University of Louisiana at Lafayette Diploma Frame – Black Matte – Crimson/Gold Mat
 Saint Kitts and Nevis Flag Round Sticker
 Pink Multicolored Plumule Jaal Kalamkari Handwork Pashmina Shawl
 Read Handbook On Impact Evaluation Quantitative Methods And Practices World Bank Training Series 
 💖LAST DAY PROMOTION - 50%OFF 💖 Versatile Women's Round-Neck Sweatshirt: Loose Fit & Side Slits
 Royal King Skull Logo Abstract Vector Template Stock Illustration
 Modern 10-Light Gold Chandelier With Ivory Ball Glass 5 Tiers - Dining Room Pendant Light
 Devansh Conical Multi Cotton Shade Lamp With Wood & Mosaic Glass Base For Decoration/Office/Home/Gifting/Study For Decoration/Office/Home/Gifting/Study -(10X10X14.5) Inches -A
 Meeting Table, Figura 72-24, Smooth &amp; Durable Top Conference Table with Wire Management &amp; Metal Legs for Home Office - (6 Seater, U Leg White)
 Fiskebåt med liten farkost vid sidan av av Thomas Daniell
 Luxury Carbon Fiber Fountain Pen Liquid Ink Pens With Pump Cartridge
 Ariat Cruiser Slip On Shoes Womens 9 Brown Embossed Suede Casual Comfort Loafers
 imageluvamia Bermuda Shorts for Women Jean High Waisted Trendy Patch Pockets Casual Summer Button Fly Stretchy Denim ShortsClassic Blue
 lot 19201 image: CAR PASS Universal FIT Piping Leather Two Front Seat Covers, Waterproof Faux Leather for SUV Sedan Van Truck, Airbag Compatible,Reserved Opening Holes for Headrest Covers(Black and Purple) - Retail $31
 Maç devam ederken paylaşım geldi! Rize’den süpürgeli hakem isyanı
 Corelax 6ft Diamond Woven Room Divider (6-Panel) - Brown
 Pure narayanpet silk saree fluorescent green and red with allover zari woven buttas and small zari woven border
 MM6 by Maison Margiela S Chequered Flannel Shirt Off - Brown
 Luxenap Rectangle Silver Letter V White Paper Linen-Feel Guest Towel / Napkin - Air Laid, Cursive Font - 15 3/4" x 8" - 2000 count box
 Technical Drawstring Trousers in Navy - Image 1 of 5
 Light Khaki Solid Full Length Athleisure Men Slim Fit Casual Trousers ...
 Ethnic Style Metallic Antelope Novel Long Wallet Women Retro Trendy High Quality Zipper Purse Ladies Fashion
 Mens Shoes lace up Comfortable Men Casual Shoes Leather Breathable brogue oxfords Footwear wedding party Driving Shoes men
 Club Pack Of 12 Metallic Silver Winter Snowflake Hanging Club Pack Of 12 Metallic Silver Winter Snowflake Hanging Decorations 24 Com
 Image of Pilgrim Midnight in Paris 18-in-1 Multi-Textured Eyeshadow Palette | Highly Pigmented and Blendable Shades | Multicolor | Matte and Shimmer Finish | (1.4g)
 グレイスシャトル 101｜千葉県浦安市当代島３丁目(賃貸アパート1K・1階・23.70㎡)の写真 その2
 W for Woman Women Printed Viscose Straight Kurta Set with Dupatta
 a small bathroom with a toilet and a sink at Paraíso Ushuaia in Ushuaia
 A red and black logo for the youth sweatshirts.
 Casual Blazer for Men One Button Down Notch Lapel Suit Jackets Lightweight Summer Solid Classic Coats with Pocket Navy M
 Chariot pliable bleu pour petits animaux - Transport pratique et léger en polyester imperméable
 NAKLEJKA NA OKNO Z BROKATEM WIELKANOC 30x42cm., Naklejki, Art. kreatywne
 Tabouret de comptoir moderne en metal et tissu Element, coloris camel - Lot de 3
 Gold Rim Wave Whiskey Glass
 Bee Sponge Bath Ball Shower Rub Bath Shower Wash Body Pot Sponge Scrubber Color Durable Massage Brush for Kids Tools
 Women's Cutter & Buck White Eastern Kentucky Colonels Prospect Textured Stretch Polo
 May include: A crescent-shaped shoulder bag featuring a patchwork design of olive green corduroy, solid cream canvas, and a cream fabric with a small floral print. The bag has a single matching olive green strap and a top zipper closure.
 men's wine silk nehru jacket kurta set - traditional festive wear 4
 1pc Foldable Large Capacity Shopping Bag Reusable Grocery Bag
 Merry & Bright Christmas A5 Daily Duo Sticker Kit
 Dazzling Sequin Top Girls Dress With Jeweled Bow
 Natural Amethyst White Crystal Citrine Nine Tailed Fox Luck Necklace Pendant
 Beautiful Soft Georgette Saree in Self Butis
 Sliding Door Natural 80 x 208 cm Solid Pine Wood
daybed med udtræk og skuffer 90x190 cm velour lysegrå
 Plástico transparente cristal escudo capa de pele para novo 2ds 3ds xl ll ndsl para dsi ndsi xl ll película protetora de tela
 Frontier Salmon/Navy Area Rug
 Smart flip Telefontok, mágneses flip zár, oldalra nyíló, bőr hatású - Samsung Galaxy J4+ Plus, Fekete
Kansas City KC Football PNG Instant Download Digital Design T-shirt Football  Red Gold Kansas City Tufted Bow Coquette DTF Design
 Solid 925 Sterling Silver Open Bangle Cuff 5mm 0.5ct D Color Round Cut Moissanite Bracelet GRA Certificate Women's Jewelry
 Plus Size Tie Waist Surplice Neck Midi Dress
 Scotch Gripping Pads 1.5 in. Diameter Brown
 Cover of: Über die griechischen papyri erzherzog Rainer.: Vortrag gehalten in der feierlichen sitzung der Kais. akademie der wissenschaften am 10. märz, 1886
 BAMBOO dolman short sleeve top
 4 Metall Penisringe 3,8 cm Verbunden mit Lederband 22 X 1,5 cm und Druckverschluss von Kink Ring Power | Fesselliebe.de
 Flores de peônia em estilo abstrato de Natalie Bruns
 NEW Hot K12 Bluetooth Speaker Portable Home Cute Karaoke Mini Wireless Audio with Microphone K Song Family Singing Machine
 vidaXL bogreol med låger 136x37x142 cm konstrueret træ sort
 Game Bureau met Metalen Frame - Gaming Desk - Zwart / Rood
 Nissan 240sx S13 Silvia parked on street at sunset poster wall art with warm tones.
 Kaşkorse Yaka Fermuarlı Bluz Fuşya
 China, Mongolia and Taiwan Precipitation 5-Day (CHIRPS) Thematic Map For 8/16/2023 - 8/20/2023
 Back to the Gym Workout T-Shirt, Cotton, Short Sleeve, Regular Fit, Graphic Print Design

→ Problem requirements
The expected output is every line from the material above where "Plus" can be found.

→ Task result
 Smart flip Telefontok, mágneses flip zár, oldalra nyíló, bőr hatású - Samsung Galaxy J4+ Plus, Fekete
 Plus Size Tie Waist Surplice Neck Midi Dress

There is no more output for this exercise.